The rest of the code (with the exception of the assignment f=.) is a fork.
It breaks down like this: [ #&.|: #

If a is our input string the calculation will be 3 # a (we'll call this result x), then 3 [ a (we'll call this result y) then y #&.|: x.

3 # a just makes three copies of every member of a. Copy verb documentation
This turns

ab
cd

into

aaabbb
cccddd

3 [ a just returns 3. Left verb documentation

Finally y #&.|: x is y copy under transpose x. The # works as before, but the &.|: tells J to transpose the input first and then transpose it back when it's finished. Under conjunction documentation, transpose verb documentation.

The transpose turns

aaabbb
cccddd

into

ac
ac
ac
bd
bd
bd

then the copy changes it to

aaaccc
aaaccc
aaaccc
bbbddd
bbbddd
bbbddd

and transposing it back gives you

aaabbb
aaabbb
aaabbb
cccddd
cccddd
cccddd

Python 3 - 84

Not the shortest but a different answer nonetheless. An interesting one-liner.

n=int(input())
for i in eval(input()):print(((''.join(j*n for j in i)+'\n')*n)[:-1])
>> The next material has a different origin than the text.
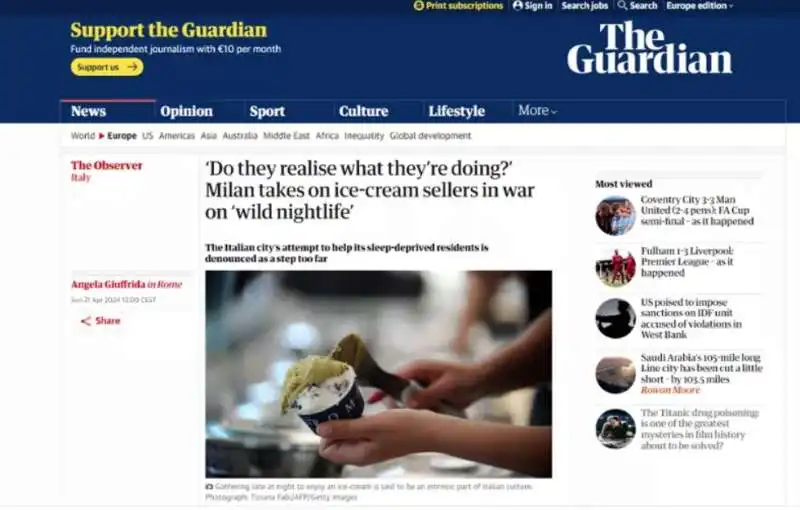 ordinanza contro la movida a milano sul guardian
Put in a number first, then the ASCII art as a Python list, e.g.:

C:\Users\User4\Desktop>c:/python33/python.exe golf.py
3
["aabb","bbcc","ccdd"]
aaaaaabbbbbb
aaaaaabbbbbb
aaaaaabbbbbb
bbbbbbcccccc
bbbbbbcccccc
bbbbbbcccccc
ccccccdddddd
ccccccdddddd
ccccccdddddd

GolfScript, 20 characters

n%(~{.{*}+@1/%n+*}+/

Takes all input from STDIN, first line is the scaling factor, the rest the multiline-input. You can try the example online.

Input

3
ab
cd

Output

aaabbb
aaabbb
aaabbb
cccddd
cccddd
cccddd

Code

n%            # Split the input into separate lines
(~            # Take the first line and evaluate (factor)
{             # {...}+/ adds the factor to the code block and loops over
              # the remaining lines (i.e. the factor will be the top of stack
              # for each line of input
   .{         # Same thing, duplicate factor and add it to code block and
              # loop over each character (1/ splits the string into chars)
     *        # multiply single-char string with factor
   }+@1/%
   n+         # Join string by adding a newline
   *          # Multiply the line by the factor (left from the . operation)
}+/

Golfscript, 23 characters

~(:i;n/{{{.}i*}:c%c}%n*

I've decided to write an entire program because it has less overhead than even an anonymous function does:

• ~(:i; - eval the input, then decrement the multiplier, store it as i and discard.
• n/{...}%n* - split by newlines, map each line, join by newlines
  • {...}:c%c, - take a block, apply it on map-each element, then apply it to the whole line.
    • {.}i* - duplicate this element i times

Live demo: http://golfscript.apphb.com/?c=OyciYWJjCmRlZiIzJwp%2BKDppO24ve3t7Ln1pKn06YyVjfSVuKg%3D%3D

Example usage:

;'"abc
def"3'
~(:i;n/{{{.}i*}:c%c}%n*

Haskell, 49 bytes

x=(=<<).replicate
e n=unlines.x n.map(x n).lines

The enlarge function is e, which takes a count and a string, and returns a string:

λ: putStrLn $ e 3 "ab\ncd\n"
aaabbb
aaabbb
aaabbb
cccddd
cccddd
cccddd

GolfScript, 29 characters

{:i;n/{1/:c;{c{i*}/n}i*}/}:f;

This defines a block f, that when called will produce the desired output. It assumes arguments are on the stack (because that's basically how arguments are passed in GolfScript).

Ungolfed (does that even make sense? :P):

{:i;n/{ # for each line...
  1/:c; # save characters of string in c
  {     # i times...
    c{  # for each character...
      i*
    }/
    n
  }i*
}/}:f;


# Test run
"ab
cd" 3 f